Qu’ils soient urinaires ou salivaires, les tests de dépistage des stupéfiants se présentent sous forme de bandelettes et reposent sur l’immunochromatographie et la réaction antigène-anticorps. Pour le cannabis, l’anticorps fixé sur la bandelette sera dirigé contre le cannabinoïde présent dans les urines (le dérivé carboxylique du THC). Si le sujet a consommé du cannabis, ce composé se fixera sur l’anticorps présent sur la bandelette et on observera une absence de coloration dans cette zone. Il s’agit d’une lecture inverse (la couleur indique la négativité), ce qui, selon le spécialiste, est une première source d’erreur pour les non-professionnels. Plus graves, pour les tests urinaires comme salivaires : les faux négatifs (les anticorps ne réagissent pas avec l’antigène) et les faux positifs (les anticorps réagissent à un composé présentant des similitudes de structure avec le stupéfiant, comme c’est le cas pour les médicaments contenant de l’acide niflumique et le cannabis).

10 % de faux positifs.

Une étude allemande a ainsi mis en évidence pour le Rapid Stat, le test salivaire utilisé en France depuis 2008 pour le dépistage de la drogue au volant, 2,5 % de faux négatifs et 10,8 % de faux positifs. Cette dernière proportion est confirmée par une étude de Patrick Mura et coll. présentée à un congrès national de toxicologie et en cours de publication dans « les Annales de toxicologie analytique » : sur 740 dépistages salivaires, 10,1 % se sont révélés faussement positifs. Les travaux de Sarah M.R. Wille et coll., du Service fédéral de justice de Bruxelles ont pour leur part abouti à des proportions de 16 % de faux positifs et 19 % de faux négatifs (contre 4 et 6 %, respectivement, pour le DrugTest 5000).

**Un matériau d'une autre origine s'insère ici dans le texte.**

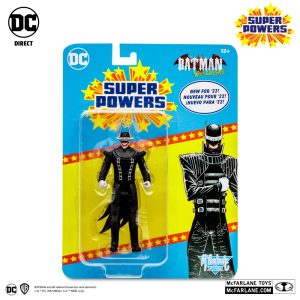 DC Direct Super Powers The Batman Who Laughs Action Figure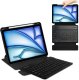 Etui na tablet Uniq 360 z klawiaturą do Apple iPad 10.9 2022 Gen. 10 / 11 2025 A16 Gen. 11 / Apple iPad 11 2025 / Apple iPad 10 2024, czarne - ochronne 2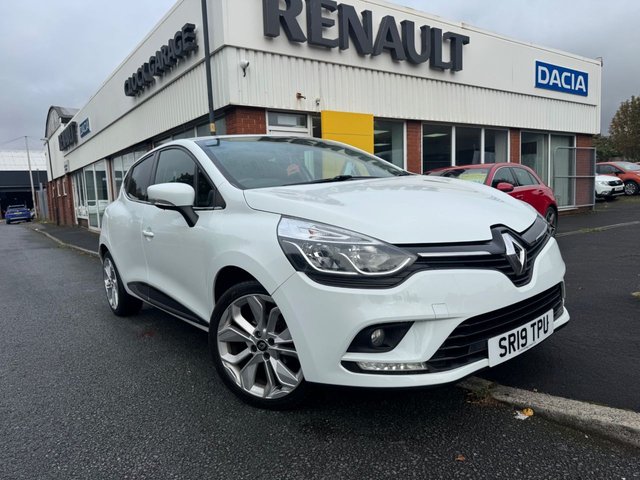 2019 Renault Clio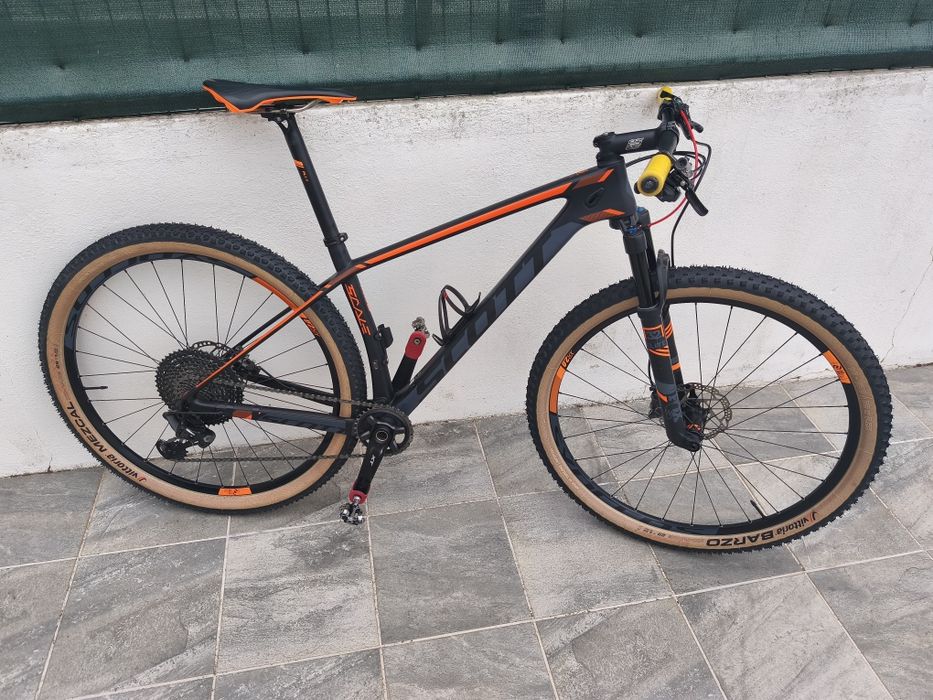 SCOTT SCALE 910 - Carbono - SRAM GX EAGLE 1X12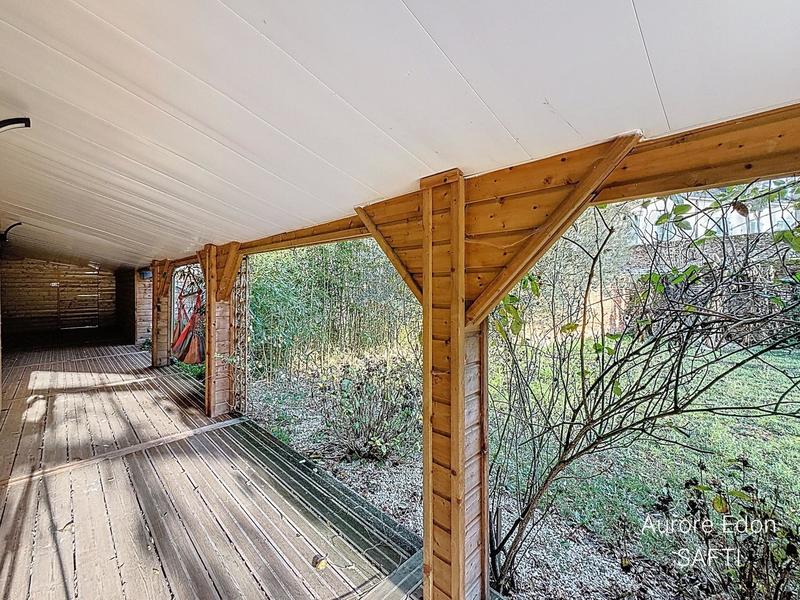 Maison - 142 m² - 6 pièces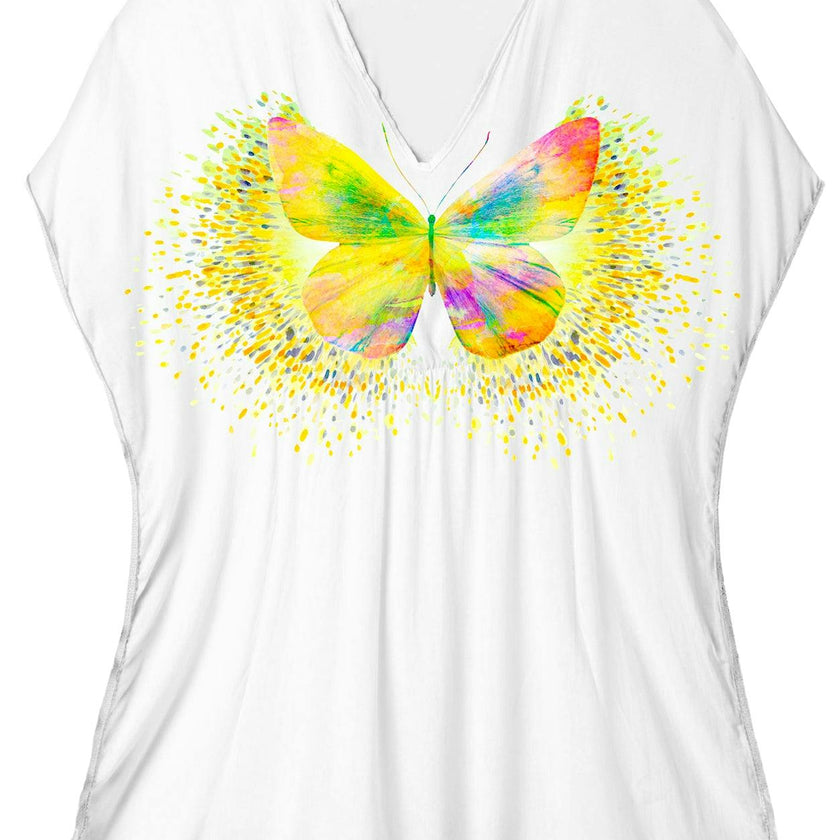 Butterfly Cover Up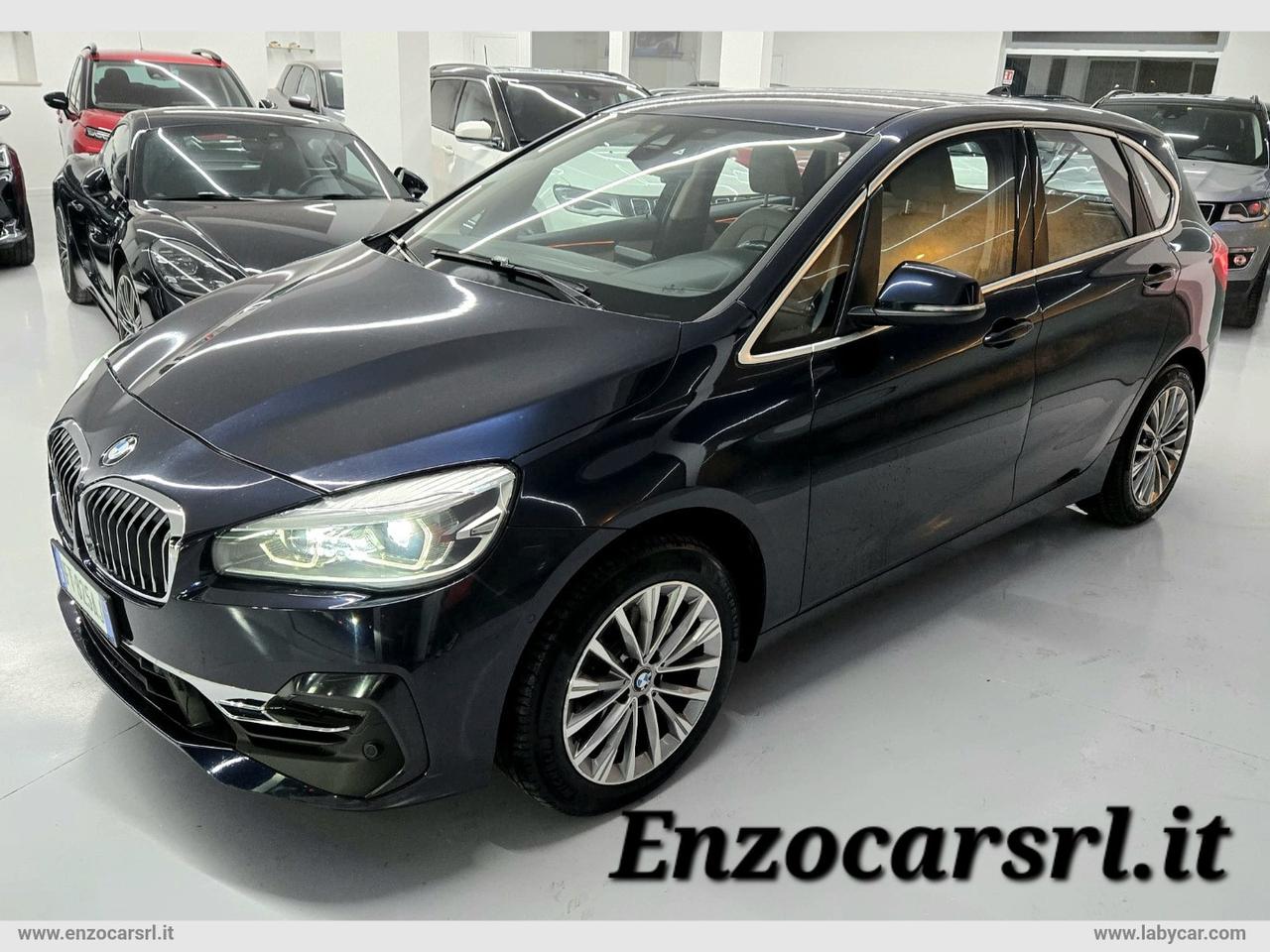 BMW 218d xDrive Active Tourer Luxury FULLL LED
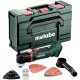 Metabo MT 18 LTX Akumulátorové univerzální stroje Multitool, bez aku, METABOX 145 L 613021840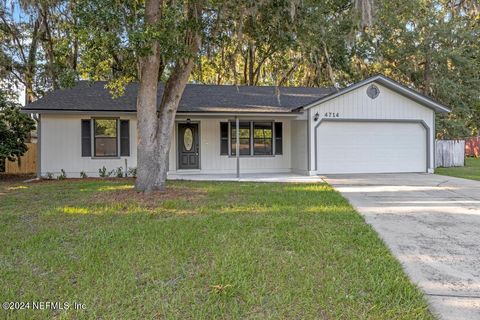 A home in Jacksonville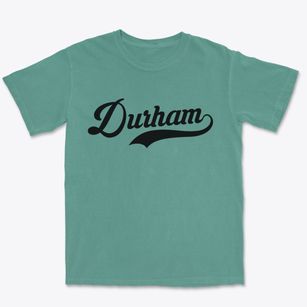 Durham Oregon Vintage Team Premium Heavyweight T-shirt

Dans le cas des home-tests, il n’y a même pas la sécurité de la confirmation en laboratoire, comme c’est le cas pour les conducteurs (confirmation du résultat positif par analyse de sang). Le Dr Mura cite le NarcoCheck THC Prédosage, disponible sur Internet et qui pourrait faire son apparition dans les pharmacies françaises. La société qui commercialise ce test explique qu’il permet « aux parents de savoir si leurs enfants fument du cannabis et d’établir un réel suivi de leur consommation, en distinguant concentration urinaires faibles, significatives ou fortes ». Pour le toxicologue, une telle affirmation va « contre tout bon sens scientifique », ne serait-ce qu’en raison des variations importantes de diurèse et de concentration des urines.

Le Dr Mura conclut en recommandant de ne pas mettre des dispositifs de dépistage des stupéfiants entre les mains de non-professionnels de la santé sans avoir sollicité l’avis des instances médicales et scientifiques, en l’occurrence celles des académies de pharmacie et de médecine et des sociétés françaises de toxicologie analytique et d’addictologie.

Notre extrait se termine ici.